Top of THE RECORDS

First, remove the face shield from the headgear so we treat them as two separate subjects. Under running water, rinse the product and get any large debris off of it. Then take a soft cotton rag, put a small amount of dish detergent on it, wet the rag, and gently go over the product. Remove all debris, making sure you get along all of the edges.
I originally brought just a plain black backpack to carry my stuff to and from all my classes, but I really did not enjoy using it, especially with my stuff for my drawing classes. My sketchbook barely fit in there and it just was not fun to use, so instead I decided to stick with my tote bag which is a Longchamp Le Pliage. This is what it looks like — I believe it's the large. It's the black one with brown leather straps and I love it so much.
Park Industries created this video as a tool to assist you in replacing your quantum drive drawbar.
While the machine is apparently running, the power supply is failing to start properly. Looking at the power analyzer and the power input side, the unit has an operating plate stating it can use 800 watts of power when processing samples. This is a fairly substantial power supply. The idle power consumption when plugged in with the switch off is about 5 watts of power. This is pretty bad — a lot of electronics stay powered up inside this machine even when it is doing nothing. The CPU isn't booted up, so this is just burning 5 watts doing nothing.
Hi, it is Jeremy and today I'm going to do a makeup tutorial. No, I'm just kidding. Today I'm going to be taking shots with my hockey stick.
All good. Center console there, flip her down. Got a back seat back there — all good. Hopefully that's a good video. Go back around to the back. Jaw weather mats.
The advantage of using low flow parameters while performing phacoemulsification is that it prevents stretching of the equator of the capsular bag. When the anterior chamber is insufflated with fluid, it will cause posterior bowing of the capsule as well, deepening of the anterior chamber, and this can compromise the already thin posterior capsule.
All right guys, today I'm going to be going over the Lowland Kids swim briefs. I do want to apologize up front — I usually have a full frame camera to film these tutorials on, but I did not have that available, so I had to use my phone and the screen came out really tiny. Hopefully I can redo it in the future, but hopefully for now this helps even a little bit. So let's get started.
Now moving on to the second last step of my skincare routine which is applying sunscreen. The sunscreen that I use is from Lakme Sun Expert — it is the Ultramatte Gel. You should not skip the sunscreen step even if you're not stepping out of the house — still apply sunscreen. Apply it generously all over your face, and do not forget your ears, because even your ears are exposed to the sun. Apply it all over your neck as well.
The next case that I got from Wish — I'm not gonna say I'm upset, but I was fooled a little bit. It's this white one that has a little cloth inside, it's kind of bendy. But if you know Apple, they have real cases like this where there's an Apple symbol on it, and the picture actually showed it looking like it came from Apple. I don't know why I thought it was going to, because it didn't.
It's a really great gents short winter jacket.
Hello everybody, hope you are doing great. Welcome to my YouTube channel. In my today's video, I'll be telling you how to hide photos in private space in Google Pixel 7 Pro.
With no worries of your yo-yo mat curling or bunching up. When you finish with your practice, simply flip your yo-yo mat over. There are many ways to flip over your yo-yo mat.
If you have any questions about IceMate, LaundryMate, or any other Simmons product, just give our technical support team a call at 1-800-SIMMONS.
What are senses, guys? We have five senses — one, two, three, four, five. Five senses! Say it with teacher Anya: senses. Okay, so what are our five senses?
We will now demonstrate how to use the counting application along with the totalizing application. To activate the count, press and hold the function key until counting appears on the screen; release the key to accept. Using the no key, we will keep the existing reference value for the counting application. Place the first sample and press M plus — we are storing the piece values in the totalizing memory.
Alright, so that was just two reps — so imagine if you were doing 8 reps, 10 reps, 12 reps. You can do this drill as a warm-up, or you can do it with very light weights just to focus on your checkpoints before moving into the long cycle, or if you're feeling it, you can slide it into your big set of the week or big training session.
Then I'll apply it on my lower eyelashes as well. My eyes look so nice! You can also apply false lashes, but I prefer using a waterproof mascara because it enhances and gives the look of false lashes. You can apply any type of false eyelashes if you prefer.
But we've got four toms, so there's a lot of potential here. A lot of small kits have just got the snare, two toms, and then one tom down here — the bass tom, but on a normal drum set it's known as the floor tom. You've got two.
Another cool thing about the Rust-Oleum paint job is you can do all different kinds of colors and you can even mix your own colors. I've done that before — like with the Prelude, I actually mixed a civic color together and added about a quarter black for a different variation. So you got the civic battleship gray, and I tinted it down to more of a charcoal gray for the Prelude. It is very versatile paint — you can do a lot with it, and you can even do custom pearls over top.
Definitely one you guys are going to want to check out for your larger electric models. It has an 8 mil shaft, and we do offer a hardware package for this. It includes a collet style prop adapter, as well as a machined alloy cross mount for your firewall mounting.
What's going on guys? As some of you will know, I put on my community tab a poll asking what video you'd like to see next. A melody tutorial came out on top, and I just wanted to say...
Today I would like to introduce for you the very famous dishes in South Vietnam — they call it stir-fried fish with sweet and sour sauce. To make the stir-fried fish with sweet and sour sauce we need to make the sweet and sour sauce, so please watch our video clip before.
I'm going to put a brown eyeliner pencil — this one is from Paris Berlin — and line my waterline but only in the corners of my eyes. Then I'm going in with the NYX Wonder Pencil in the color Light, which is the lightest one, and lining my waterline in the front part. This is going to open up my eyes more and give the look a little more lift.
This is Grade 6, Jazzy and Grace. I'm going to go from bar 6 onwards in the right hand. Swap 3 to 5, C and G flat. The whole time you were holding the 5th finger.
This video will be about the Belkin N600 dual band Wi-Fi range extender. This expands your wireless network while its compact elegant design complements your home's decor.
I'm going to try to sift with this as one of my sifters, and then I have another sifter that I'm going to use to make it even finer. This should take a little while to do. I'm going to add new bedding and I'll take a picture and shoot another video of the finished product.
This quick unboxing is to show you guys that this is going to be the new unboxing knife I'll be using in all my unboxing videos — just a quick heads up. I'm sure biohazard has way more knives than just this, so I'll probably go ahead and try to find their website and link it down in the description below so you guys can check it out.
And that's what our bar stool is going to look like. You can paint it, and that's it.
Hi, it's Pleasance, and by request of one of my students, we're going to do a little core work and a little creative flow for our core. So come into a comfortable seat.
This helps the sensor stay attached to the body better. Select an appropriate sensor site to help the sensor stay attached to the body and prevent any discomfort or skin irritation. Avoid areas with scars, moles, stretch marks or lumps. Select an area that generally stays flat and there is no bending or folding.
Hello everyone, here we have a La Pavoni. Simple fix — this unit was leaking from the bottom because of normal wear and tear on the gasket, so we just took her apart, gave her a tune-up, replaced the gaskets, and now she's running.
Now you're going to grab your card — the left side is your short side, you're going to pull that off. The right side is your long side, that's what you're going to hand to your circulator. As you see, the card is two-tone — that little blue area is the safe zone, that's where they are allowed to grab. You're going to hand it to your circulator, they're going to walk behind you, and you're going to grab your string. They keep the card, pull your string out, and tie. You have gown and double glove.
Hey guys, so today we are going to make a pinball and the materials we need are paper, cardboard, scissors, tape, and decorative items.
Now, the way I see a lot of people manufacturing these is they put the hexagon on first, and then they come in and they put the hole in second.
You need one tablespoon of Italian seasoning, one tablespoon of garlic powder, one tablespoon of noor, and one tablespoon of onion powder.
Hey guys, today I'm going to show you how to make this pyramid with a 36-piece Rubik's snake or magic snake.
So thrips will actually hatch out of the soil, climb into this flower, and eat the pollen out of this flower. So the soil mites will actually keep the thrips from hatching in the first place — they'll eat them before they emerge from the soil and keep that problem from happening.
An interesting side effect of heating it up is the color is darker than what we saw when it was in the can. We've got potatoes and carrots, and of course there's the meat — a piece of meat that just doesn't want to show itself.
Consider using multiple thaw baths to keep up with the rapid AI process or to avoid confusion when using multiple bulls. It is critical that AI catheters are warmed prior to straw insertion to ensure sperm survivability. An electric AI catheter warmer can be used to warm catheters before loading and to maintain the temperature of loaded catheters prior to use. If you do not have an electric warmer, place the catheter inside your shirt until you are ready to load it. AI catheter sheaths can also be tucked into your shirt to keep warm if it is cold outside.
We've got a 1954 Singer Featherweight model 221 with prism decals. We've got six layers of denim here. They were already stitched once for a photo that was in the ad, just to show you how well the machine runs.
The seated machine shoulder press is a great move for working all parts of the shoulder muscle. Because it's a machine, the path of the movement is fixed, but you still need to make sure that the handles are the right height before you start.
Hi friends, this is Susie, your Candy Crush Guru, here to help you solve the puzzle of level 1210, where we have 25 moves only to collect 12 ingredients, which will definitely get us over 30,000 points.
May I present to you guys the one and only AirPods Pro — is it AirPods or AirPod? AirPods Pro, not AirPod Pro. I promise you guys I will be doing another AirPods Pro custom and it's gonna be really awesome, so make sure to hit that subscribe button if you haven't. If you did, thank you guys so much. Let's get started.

Bottom of THE RECORDS

HOW TO COMPLETE THIS TASK
Each line in the entries above, starting at the line with "Now, the way" and ending at the line with "Consider using multiple", is to be printed exactly, and only those lines.

YOUR RESPONSE
Now, the way I see a lot of people manufacturing these is they put the hexagon on first, and then they come in and they put the hole in second.
You need one tablespoon of Italian seasoning, one tablespoon of garlic powder, one tablespoon of noor, and one tablespoon of onion powder.
Hey guys, today I'm going to show you how to make this pyramid with a 36-piece Rubik's snake or magic snake.
So thrips will actually hatch out of the soil, climb into this flower, and eat the pollen out of this flower. So the soil mites will actually keep the thrips from hatching in the first place — they'll eat them before they emerge from the soil and keep that problem from happening.
An interesting side effect of heating it up is the color is darker than what we saw when it was in the can. We've got potatoes and carrots, and of course there's the meat — a piece of meat that just doesn't want to show itself.
Consider using multiple thaw baths to keep up with the rapid AI process or to avoid confusion when using multiple bulls. It is critical that AI catheters are warmed prior to straw insertion to ensure sperm survivability. An electric AI catheter warmer can be used to warm catheters before loading and to maintain the temperature of loaded catheters prior to use. If you do not have an electric warmer, place the catheter inside your shirt until you are ready to load it. AI catheter sheaths can also be tucked into your shirt to keep warm if it is cold outside.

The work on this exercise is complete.